Put the potatoes into a good-size pot and cover them with at least 2 inches of water. Add a decent amount of salt and a big drizzle of rice wine vinegar. Bring to a boil over high heat, then turn the heat down a bit, and cook at a medium bubble until just tender, about 8 minutes. I like the potatoes still firm enough so their skins haven’t detached. Drain them into a colander.

While the potatoes are cooking, set up another pot of water, add a large glass of white wine and a good amount of salt, and bring it to a boil. Add the calamari, and blanch it until just tender, about a minute. Drain the calamari into a colander, and then spread it out on paper towels to soak up any additional moisture.

Put the miso in a small bowl, and add about 1½ tablespoons of rice wine vinegar. Stir to dissolve the miso. Add about 2½ tablespoons of your best extra-virgin olive oil and a little salt.

Put the still somewhat warm potatoes and calamari into a large serving bowl. Add the scallions, garlic, green peppercorns, and capers. Pour on the miso vinaigrette, and toss (I like using my hands for this, so I don’t break up the potatoes). Add the mint and parsley, and toss lightly. Taste for seasoning. Serve warm or at room temperature.

Corona Beans with Shrimp, Saffron, and Cumin

3 cups dried Corona beans (I used Rancho Gordo), cooked (see note below on how I cooked them)
1½ pounds shell-on large shrimp (if you can find fresh American shrimp, all the better)
Extra-virgin olive oil
A big splash of dry vermouth
Salt
A big pinch of saffron threads, lightly dried and then crushed with a mortar and pestle
3 scallions, cut into thin rounds, using some of the tender green part
1 thin spring garlic, chopped, including some of the tender green part
1 teaspoon cumin seeds, ground
Piment d’Espelette
A drizzle of sherry wine vinegar
A handful of Italian parsley leaves, lightly chopped

Cook the beans (see note below on how I cooked them).

Shell the shrimp, and put the shells in a pot with a drizzle of olive oil. Turn the heat to medium, and sauté the shells until they turn pink, about 2 minutes. Add a splash of dry vermouth, and let it bubble away. Add about 1½ cups of water and a little salt, and simmer at a medium bubble for about 8 minutes. Strain the broth into a small bowl or cup. Add the crushed saffron, and give it a stir. The broth will turn a beautiful dark yellow.

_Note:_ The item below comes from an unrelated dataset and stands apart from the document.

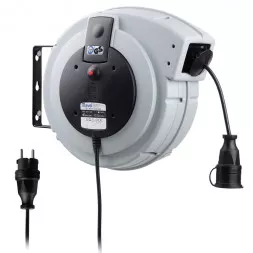 Удлинитель силовой на автоматической катушке Mavel Roll Major Plus (арт.820705), 25м, 230В, H05VV-F, 3X1,5мм2, 8A, с розеткой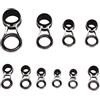 Alomejor 10 Pz Lure Canna Da Pesca Anelli di Guida 5 Formati di Ceramica In Acciaio Inox Eye Guide Set Casting Tip Kit di Riparazione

Drain the beans, saving the broth for a soup or stew.

Set a large sauté pan over medium heat. Add a big drizzle of olive oil. When the oil is hot, add the scallion, garlic, and cumin, and warm everything through for about a minute to release its fragrances. Add the beans, and sauté for a minute or so, seasoning with salt and piment d’Espelette.

Set up another large sauté pan over high heat. Add a generous amount of olive oil. When the oil is hot, add the shrimp, spreading it out, and season it with salt. Sauté until the shrimp is just tender, turning it once, about 2 minutes in all. Add the shrimp broth, scraping up any cooked-on bits from the bottom of the pan, and pour the shrimp and broth over the beans. Add a drizzle of fresh olive oil and a few drops of sherry wine vinegar, and give everything a gentle toss. Taste for seasoning. Add the parsley, and toss lightly. Transfer to a large serving bowl. Serve warm.

A note on how I cooked the beans: I covered the beans with cool water by about 4 inches, added 3 fresh bay leaves, a chunk of spring garlic, and a big drizzle of olive oil, and brought it to a boil. I turned the heat down low, covered the pot, and let the beans simmer for about 50 minutes. Then I added a drizzle of sherry wine vinegar and a little salt and continued cooking until the beans were just tender, which took about another half hour. I find that with Rancho Gordo beans I don’t have to presoak, since they’re not overly dry to begin with.